Господи, как я ненавидела эти слова! Они означали, что моя семья сейчас оставит меня. Самое ужасное в коме не неспособность говорить, двигаться, есть, выражать свои мысли – вовсе нет. Самое ужасное, когда тебя оставляют одну.
Бенни вертелся в ногах моей каталки – мягкого кресла с откидывающейся спинкой, которое я обожала. На этом кресле меня вывозили в погожие дни на несколько минут на улицу. Все трубочки и провода, обеспечивавшие мою жизнедеятельность, были подключенными к жужжащим и пищащим механизмам, спрятанным внутри каталки. Бенни был вне зоны моей видимости, но иногда какая-нибудь часть его прелестного маленького подвижного тела ударялась о мои прикрытые пледом ноги, и всякий раз его неосторожное прикосновение заставляло меня таять от любви.
– Мамочка похудела, – вот все, что он сказал мне сегодня. – И волосы у нее слишком длинные.
Когда медсестра сказала, что пора возвращаться в палату, Бенни спрыгнул с подножки каталки, словно спортсмен, ожидавший выстрела из стартового пистолета. Я почувствовала его облегчение. А у меня стало тяжело на душе.
– Дайте, я сам повезу ее, – попросил Сэм.
Он потянул каталку, и драгоценное синее небо, закружившись, стало исчезать из виду. Легкий толчок, когда мы переезжали через порог, – и вот я уже снова в палате, в этой ужасной палате. В моей серой тюрьме.
– Кажется, сегодня она получше, – в голосе Сэма звучат бодрые нотки, предназначенные специально для Бенни, которые я так ненавижу. – По-моему, налицо явный прогресс.
Дежурной медсестрой в тот день была Хетти, моя любимица. У Хетти были очень мягкие руки, и она никогда не разговаривала так, словно пациенты, мало того что находились в коме, были еще и слабоумными идиотами. За некоторыми медсестрами такое водилось.
– На контрольной шкале изменений не зарегистрировано, – поспешила разочаровать Сэма Хетти. – Но я понимаю, о чем вы. Сегодня она была какой-то более живой, – быстро добавила сердобольная медсестра. – И иногда следила глазами за движением.
– Она посмотрела мне прямо в глаза.
Это была правда. Мой муж, склонившись над каталкой, вертел головой до тех пор, пока наши взгляды не встретились. Каким же он был усталым и какая печаль застыла в его глазах!
«Не уходи! – мысленно умоляла я. – Останься со мной!»
– Если она способна открывать глаза, то не может быть совсем без сознания, ведь так?
– Есть много степеней сознания, – начала объяснять Хетти. Затем пошло про метаболическую и анатомическую разновидности комы, про то, что каждый случай уникален.

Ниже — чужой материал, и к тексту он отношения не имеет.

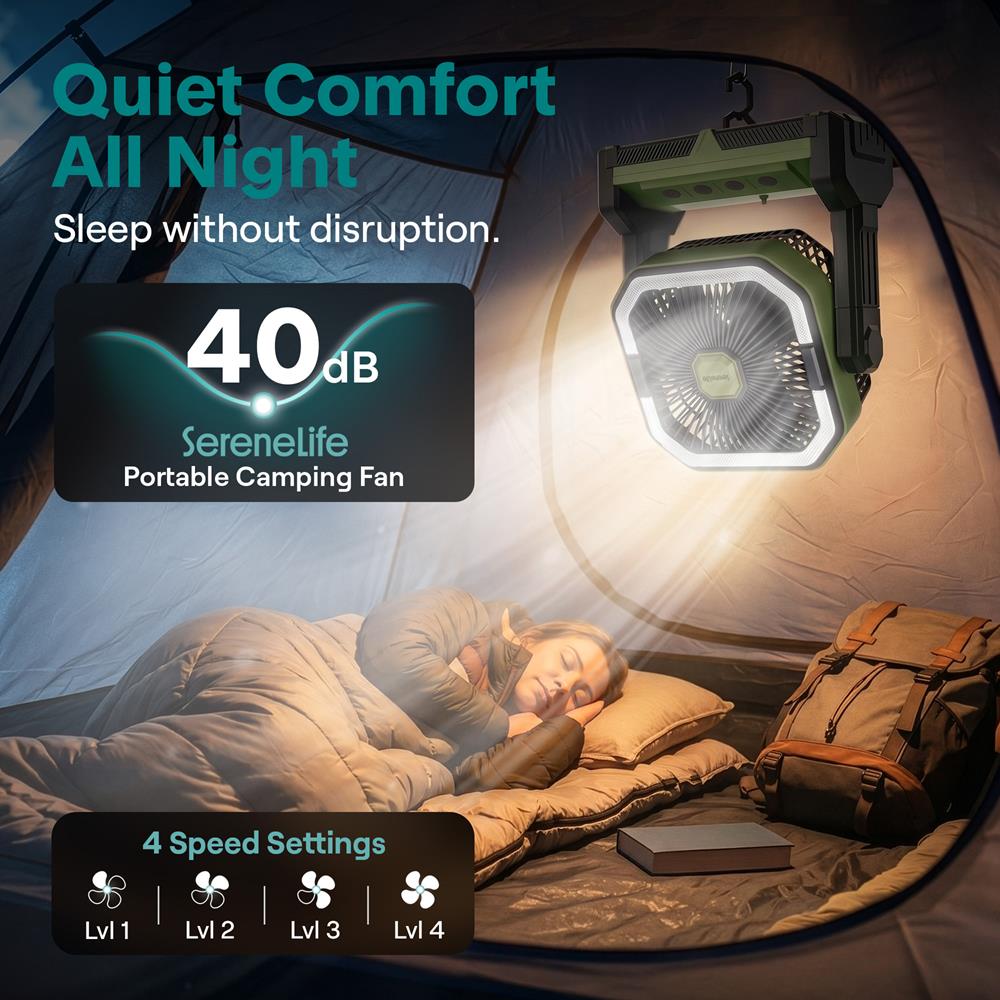 Serenelife Camping Ventilator 10000mAh grün mit LED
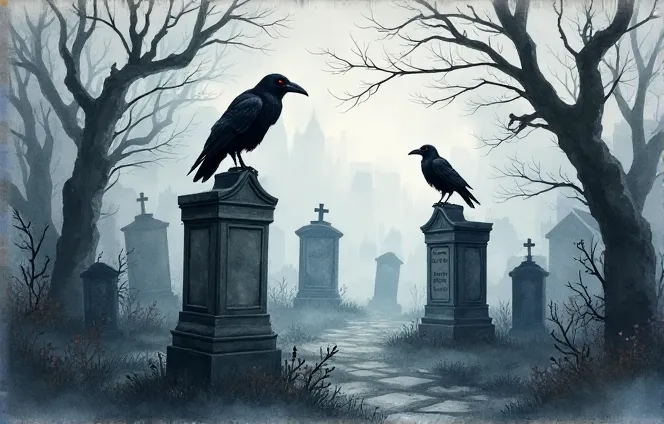 In watercolor . A dark and eerie graveyard with crows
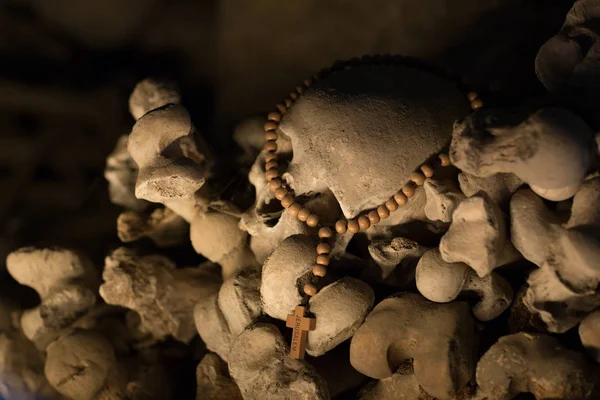 Skull Bones Ancient Ossuary Naples — Stock Photo, Image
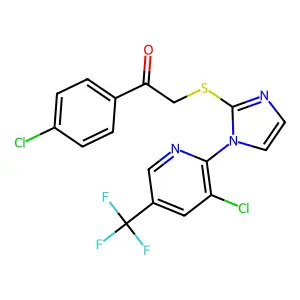 1-(4-chlorophenyl)-2-({1-[3-chloro-5-(trifluoromethyl)-2-pyridinyl]-1H-imidazol-2-yl}sulfanyl)-1-ethanone structure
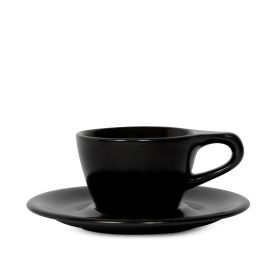 Lino Single Cappuccino Cup/Saucer, Matte Black - One Dozen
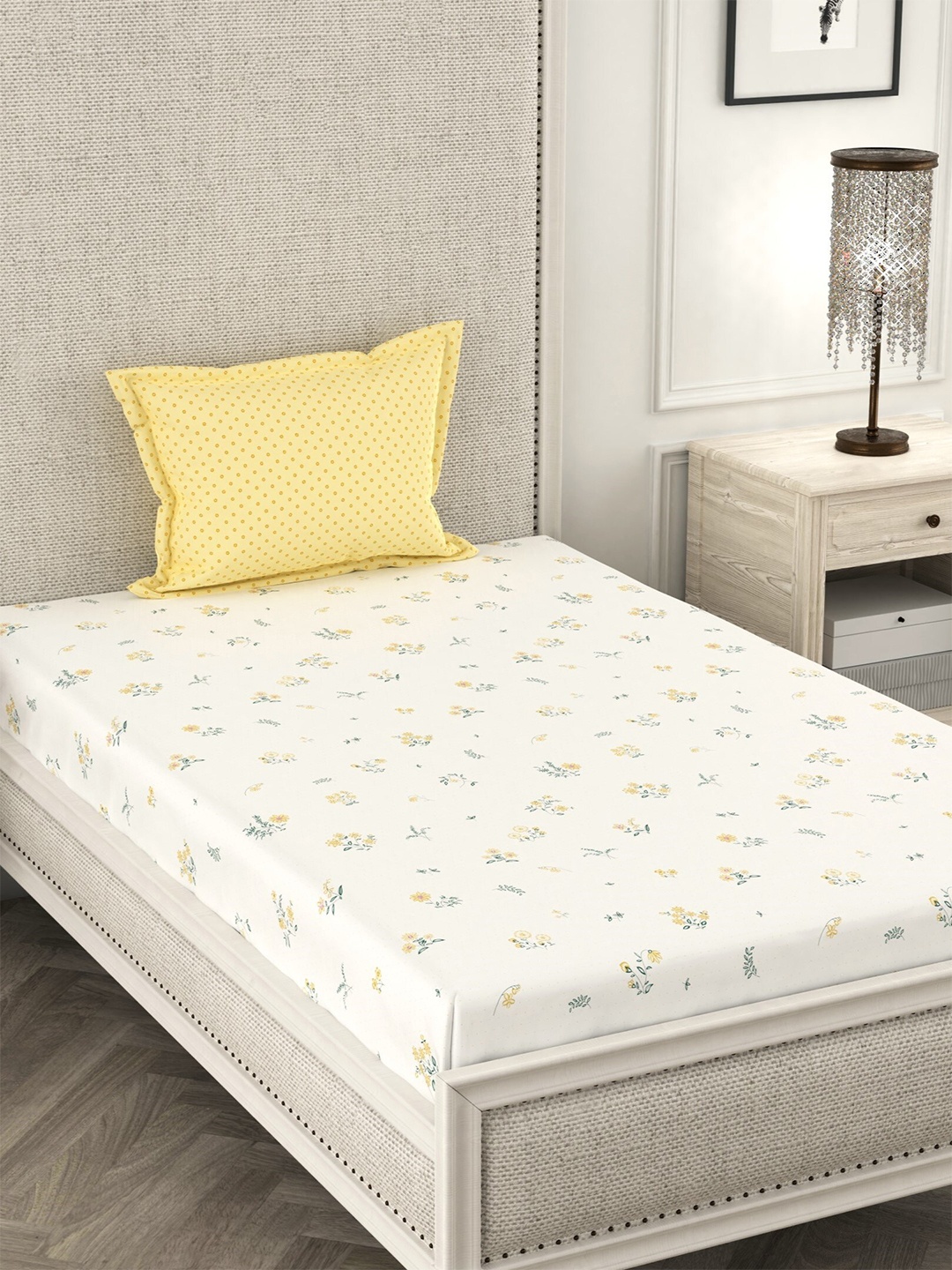 

CHHAVI INDIA White & Mustard Floral 210 TC Single Bedsheet with 1 Pillow Covers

А надежду надо сочетать со здравым смыслом. Мне надоело их слушать. Я чувствовала себя мумией, запеленатой в марлю. Если бы только я могла издать хоть один звук, приподнять хоть одну костлявую завернутую руку… но все это было так утомительно. Сил хватало только на то, чтобы смотреть Сэму в глаза.

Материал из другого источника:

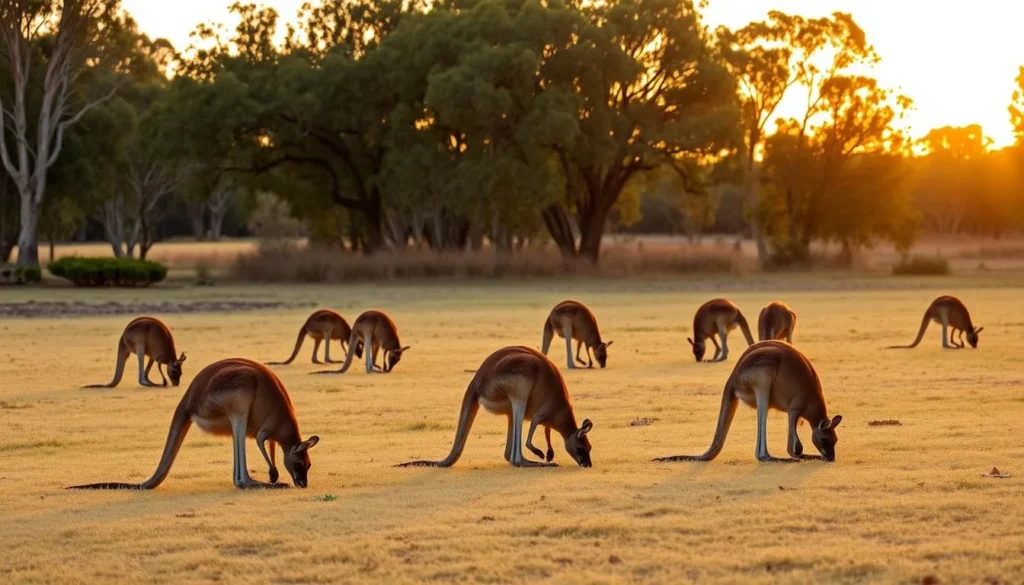 Kangaroos at Boundary Road Reserve in Bathurst at sunset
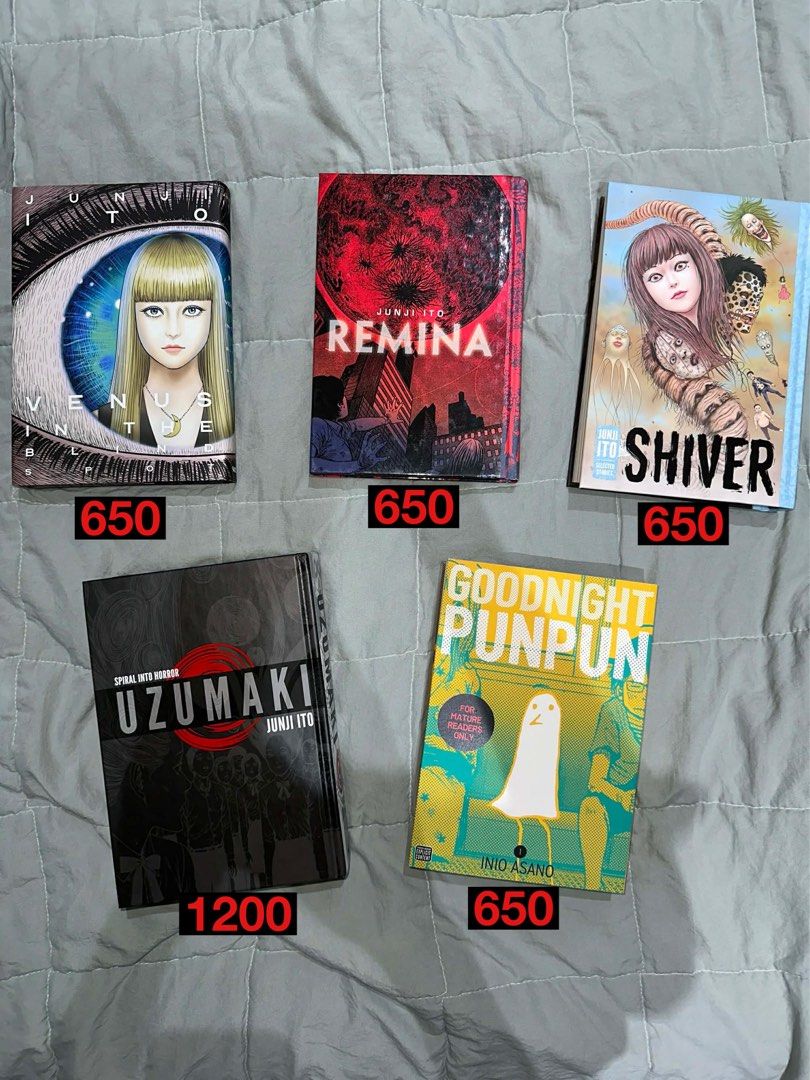 Junji Ito & Goodnight Punpun books (Category: Comics & Manga) located in Manila. Submitted by trumanblack1975 (Listing ID 1431430150, Image 1). Description: 📚 JUNJI ITO ❌ Venus In The Blindspot (₱650) ❌ ❌ Remina (₱650) ❌ ❌ Shiver (₱650) ❌ ❌ Spiral Into Horror UZUMAKI (₱1200) ❌ 📚 INIO ASANO -Goodnight Punpun (₱650) ‼️ Take All for only ₱ 3600 ‼️ Read once, still in GREAT condition — ready for a new reader! .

Он прижался щекой к моей щеке. О! Этот запах! Его запах. Он прошептал, что любит меня. Плакала ли я? Если бы я могла плакать – он бы знал. Я только вглядывалась и вглядывалась в его волосы, щекочущие мое лицо, широко раскрытыми глазами.
Сухими глазами.
– До свидания, малышка, – пробормотал Сэм. – Ничего не бойся. Все будет хорошо. Мы скоро увидимся, любимая.
Я потеряла ощущение времени. Скоро… Это было для меня то же самое, что поздно… Или никогда.
– Бенни! Подойди попрощайся с мамой. Бен, ну иди же сюда, парень! Эй, Бенни!